The Texas Board of Nursing (BON) has no authority over workplace or employment issues, such as staffing ratios. The Nursing Practice Act (NPA) and Board Rules and Regulations are written broadly to apply to nursing practice in any setting. In particular, you should familiarize yourself with the main rule applied to nursing practice, Rule 217.11, Standards of Nursing Practice. This rule provides the minimum standards nurses must meet in accepting any assignment, including floating, working short staffed and other practice situations.
- Standard 217.11(1) (B) requires the nurse to maintain a safe environment for the patient. This requirement supersedes any agency policy or physician order.
- Standard 217.11(1) (T) holds the nurse accountable to accept only those assignments that are within the nurse's education, training, and experience, as well as his or her physical and emotional ability. If a licensed nurse accepts an assignment, he or she is responsible for the care delivered.
- Standard 217.11(1) (S) applies to charge nurses or nurses who are in management positions. This standard is the "companion" standard to (1) (T), as it requires the nurse who is supervising other nurses to "make assignments" that take into account the educational preparation, knowledge, skills, and physical, mental and emotional abilities of the nurses for whom the supervisor is administratively responsible. This does not mean other nurses are working under the supervisor's license, or that the supervisor is responsible for every aspect of care delivered by other staff nurses. Assignments made to other licensed nurses do require forethought and adequate supervision.
- Standard 217.11(1) (U) holds supervisors responsible to oversee the nursing care provided by others for whom the supervisor is professionally responsible, from a licensure standpoint, the responsibility for overall patient care is the responsibility of the staff nurse accepting the assignment.
During the 2009, 81st Legislative Session, SB 476 was enacted and changed the Health and Safety Code. If you practice in a hospital, you may wish to contact the Department of State Health Services (DSHS) - Health Facility Program at 1-888-973-0022 or http://www.dshs.state.tx.us/hfp/default.shtm about the regulations for the official nurse staffing policies and plans that took effect on September 1, 2009.

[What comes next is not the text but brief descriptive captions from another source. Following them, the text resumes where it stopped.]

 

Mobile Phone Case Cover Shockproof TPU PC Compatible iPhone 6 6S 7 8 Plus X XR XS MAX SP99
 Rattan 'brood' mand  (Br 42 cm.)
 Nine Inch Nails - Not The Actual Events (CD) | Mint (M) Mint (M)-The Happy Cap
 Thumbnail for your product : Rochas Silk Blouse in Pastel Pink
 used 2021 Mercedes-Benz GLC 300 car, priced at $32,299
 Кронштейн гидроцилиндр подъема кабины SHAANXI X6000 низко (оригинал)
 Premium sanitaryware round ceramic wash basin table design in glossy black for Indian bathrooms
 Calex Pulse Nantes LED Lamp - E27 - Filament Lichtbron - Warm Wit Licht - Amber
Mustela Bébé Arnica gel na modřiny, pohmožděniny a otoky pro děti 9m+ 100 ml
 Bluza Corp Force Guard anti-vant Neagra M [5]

You may also wish to contact various nursing specialty organizations, such as the Texas Nurses Association at 512-452-0645 or www.texasnurses.org. While the Board cannot address employment issues, specialty nursing organizations exist to serve their members and may be able to provide you with additional guidance. The Texas Hospital Association at www.tha.org or 512-465-1000 has developed a Nurse Staffing Law Toolkit that may provide nurses and hospitals with additional resource information.
If you believe, you are being asked to accept an assignment that would cause you to violate the NPA or rules, especially any of the standards of practice in Rule 217.11, you may wish to review the NPA Section 301.352 Protection for Refusal to Engage in Certain Conduct. If your facility or employer routinely utilizes at least 10 nurses, 5 of which are RNs, you may wish to consider invoking Safe Harbor. While the BON does not have authority over workplace issues, such as determining nurse: patient ratios, there are protections in both the NPA and the Safe Harbor Rule 217.20 for a nurse who declares Safe Harbor in good faith. If adverse employment action was taken against a nurse, then the nurse may choose to seek private legal counsel. Rule 217.20 (e) outlines the requirements the nurse must meet in order to secure the protections, what the protections are, and where they are listed in the Texas Occupations Code, Section 303.005.